Another issue is how the Haida Nation's regulatory authority over private land would relate to a local government's zoning powers, and how this would reconcile with local government powers. Further, it is unclear if there are legal implications given that non-Haida residents cannot vote in Haida elections, although they are subject to Haida decisions on land regulation.

==Fiscal implications for the B.C. government==
When the B.C. government gave the Haida Nation Aboriginal title over Haida Gwaii in 2024, control over the mineral deposits on land and offshore natural gas reserves was transferred to the Haida.
This could affect the future flow of revenue to the provincial government if, for example, the government no longer has exclusive rights to the mineral royalties on what has become Haida Aboriginal title land.

On the expenditure side, the agreement is not intended to change the status quo with B.C.'s delivery of provincial public services in Haida Gwaii, including health care, education, transportation, maintenance of public highways, and fire and emergency services.

The Rising Tide Agreement is not expected to delay the Haida civil claim against B.C. and Canada for issues that have not been resolved through negotiation.
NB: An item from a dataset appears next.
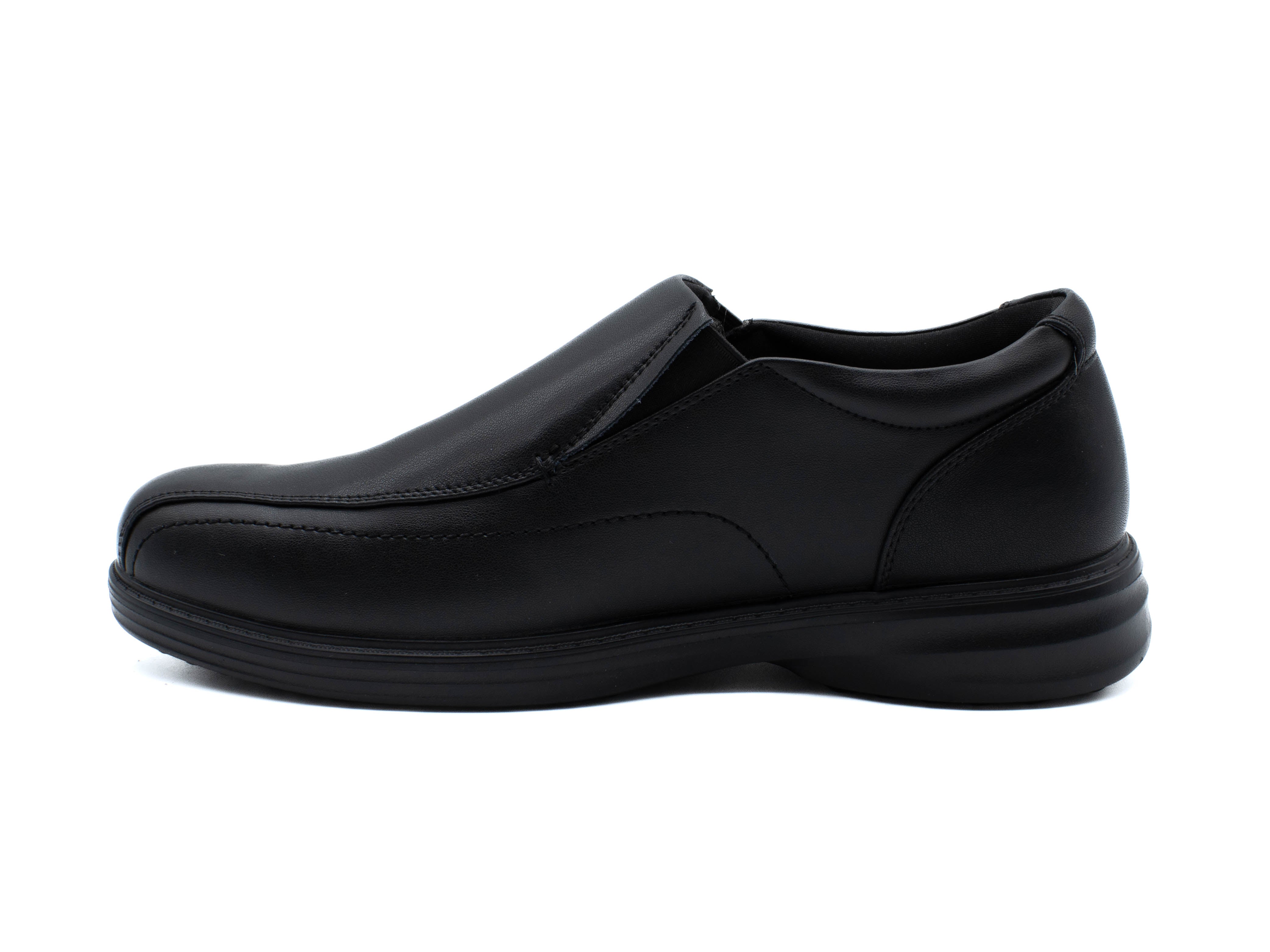 SKECHERS Ogden Arch Fit Leather Slip-on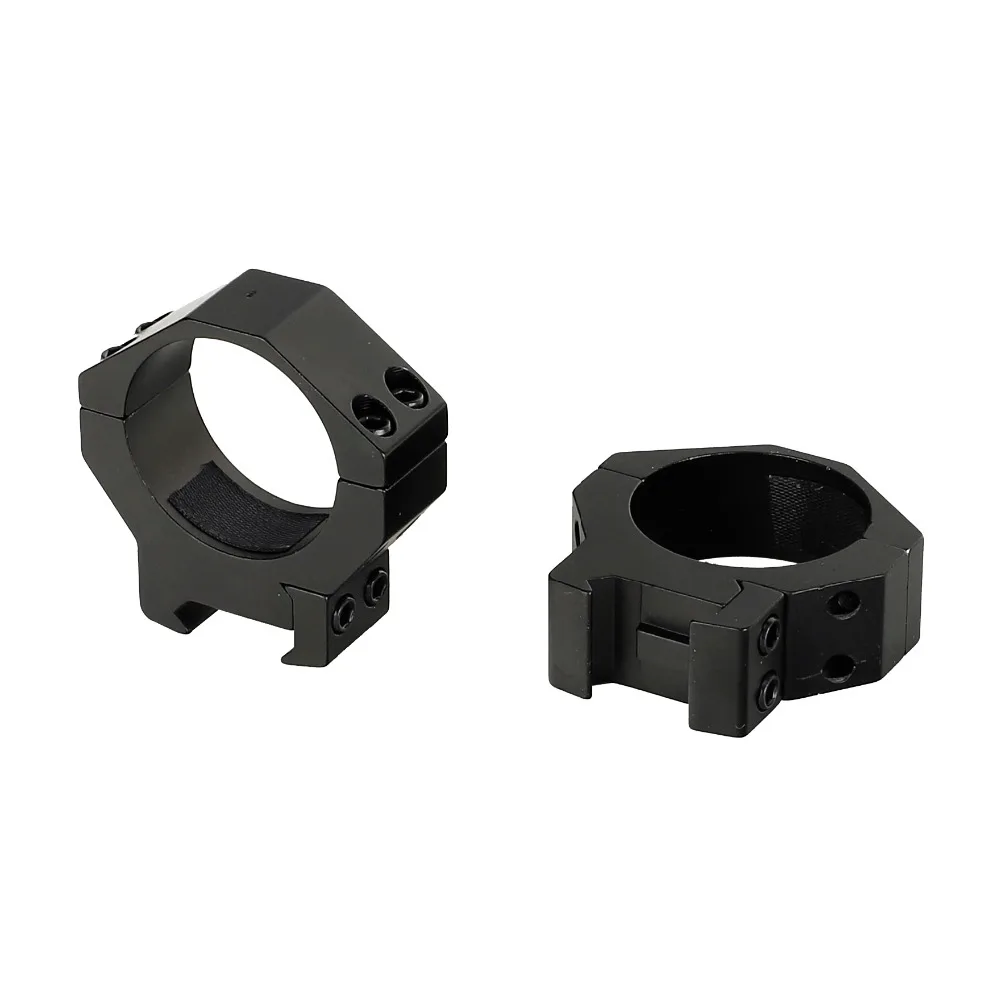 ohhunt 34mm or 35mm Diameter 2PCs Medium Profile Standard Picatinny Weaver Scope Rings Tactical Hunting Sport Mounts Accessories (4)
Although the Agreement does not explicitly state what has not been resolved, there may be a financial impact for the province since the Haida's civil claim seeks "an accounting of all profits, taxes, stumpage dues, royalties, and other benefits acquired by B.C. and Canada, or their servants, agents, and contractors, in respect to Haida Gwaii."

==Implications for parks in Haida Gwaii==
Jurisdiction over provincial parks (such as Naikoon Provincial Park), protected areas, and ecological reserves (along with other government assets), is to be worked out during the transition period.

Regarding national parks, the September 2025 B.C. Supreme Court order says that within 24 months, the Haida Nation will receive Aboriginal title over Gwaii Haanas National Park Reserve, National Marine Conservation Area, and Haida Heritage Site.